Перемены, происходившие в составе правительства, не могли не отразиться и на личном составе руководителей политической полиции. Во главе Министерства внутренних дел, которому в конечном итоге была подчинена вся политическая полиция, стал совершенно новый для чиновного Петербурга человек – П.А.Столыпин, который вначале чувствовал себя ещё очень непрочно среди верхов столичной бюрократии и старался окружить себя людьми, на которых мог бы положиться. Он сменил руководство Департамента полиции. Рачковский был сначала отстранён от дел фактически, а вскоре, в июне 1906 года, уволен и формально. На его место пришёл Трусевич – малознакомый с делом полицейского розыска и потому не игравший самостоятельной роли. Фактически же центральной фигурой политической полиции стал начальник охранного отделения в Петербурге полковник А.В.Герасимов. В истории русской политической полиции последних перед октябрьским переворотом десятилетий он сыграл одну из самых значительных ролей. Герасимов был сравнительно молод, смел и энергичен. Он происходил из семьи казака, окончил юнкерское училище, потом несколько лет служил в пехотном батальоне. Выскочить из надоевшей колеи оказалось возможным в одном направлении: перейти в корпус жандармов. Этот переход дался Герасимову нелегко. Конец 1880-х годов был периодом общей борьбы с «кухаркиными детьми». Офицерский состав корпуса жандармов с особым старанием стремились заполнить одними только дворянами. С большим трудом Герасимову удавалось продвигаться по службе. Помогала мужицкая напористость и обнаружившиеся полицейские таланты. В феврале 1905 года, когда полицейский сыск разваливался по всей империи и когда с ним особенно было плохо в Петербурге, Герасимов получил назначение на пост начальника Петербургского охранного отделения. Это был один из наиболее ответственных постов в русской политической полиции вообще. Герасимов быстро сумел сделать его ещё более ответственным.

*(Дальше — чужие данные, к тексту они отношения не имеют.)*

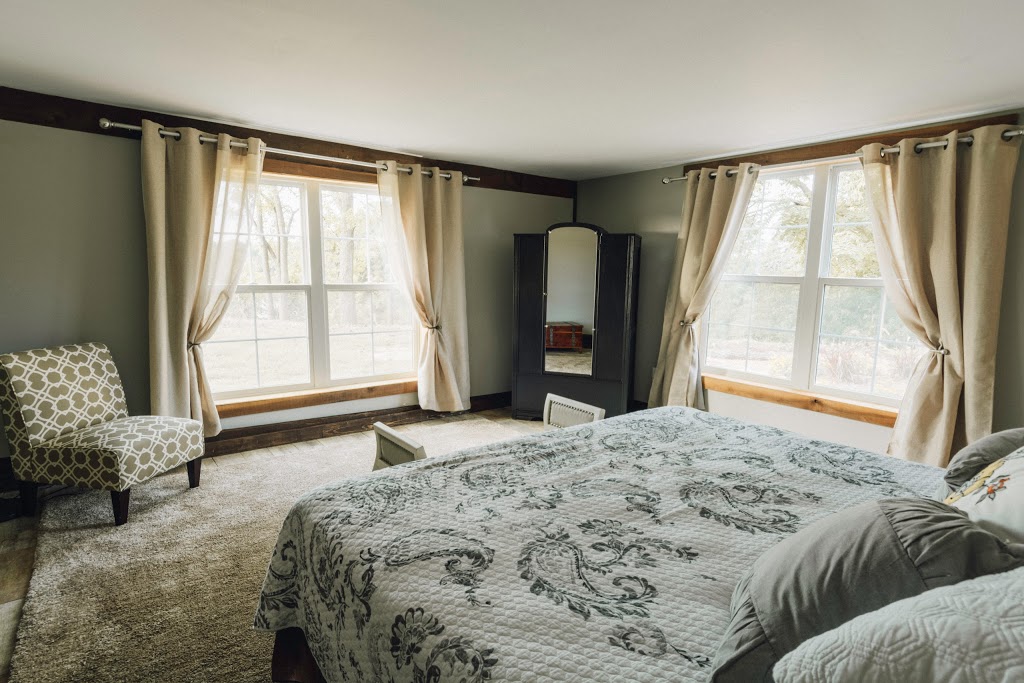 Cookes Creekview Bed and Breakfast | 2244 Lockport Olcott Rd, Newfane, NY 14108, USA | Phone: (716) 534-0920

Особенно сильно он выдвинулся в октябре – декабре 1905 года. Растерянность среди руководителей политической полиции тогда достигла высших пределов. Департамент полиции боялся принять какие-нибудь меры для подавления беспорядков. Революционная агитация велась открыто. Герасимов был тем, кто настаивал на переходе к репрессиям. По его рассказам, он тогда считал, что перед властью стоит один выбор. «Или мы будем, – как писали в их газетах, – служить революционным украшением петербургских фонарей, или их пошлём в тюрьмы и на виселицу».

В первую очередь он требовал немедленного ареста Петербургского Совета рабочих депутатов. Руководители Департамента полиции во главе с Бугаём и Рачковским были против: они опасались революционного взрыва, для подавления которого у правительства нет надёжных сил. Герасимову пришлось выдержать жестокую борьбу. По его настоянию было созвано специальное межведомственное совещание для всестороннего обсуждения вопроса. Председателем его был Щегловитов – будущий министр юстиции, расстрелянный в сентябре 1918 года по приговору ЧК. Это совещание почти полностью встало на точку зрения Департамента полиции. Только один представитель прокуратуры, известный позднее обвинитель по политическим процессам, Камышанский поддержал Герасимова. Большинство высказалось против ареста Совета и наметило программу мер, которые вроде бы должны были смягчить опасность революционной агитации без применения крутых репрессий.

Поражение на этом совещании не остановило Герасимова – он отправился к министру внутренних дел Дурново. Здесь его также ждала неудача: выслушав Герасимова и ознакомившись с протоколами совещания, Дурново присоединился к мнению большинства. В этот последний момент, по рассказам Герасимова, в дело вмешался министр юстиции Акимов, который присутствовал при докладе. Услышав решение Дурново, Акимов вышел из состояния пассивного наблюдателя и заявил, что со своей стороны он целиком присоединяется к мнению Герасимова: «Положение действительно таково, что медлить нельзя: или мы их, или они нас». И так как Дурново все ещё колебался, Акимов заявил, что в таком случае он берет ответственность на себя, и в качестве генерал-прокурора империи тут же на своём блокноте написал полномочие Герасимову на производство всех обысков и арестов, которые последнему кажутся необходимыми.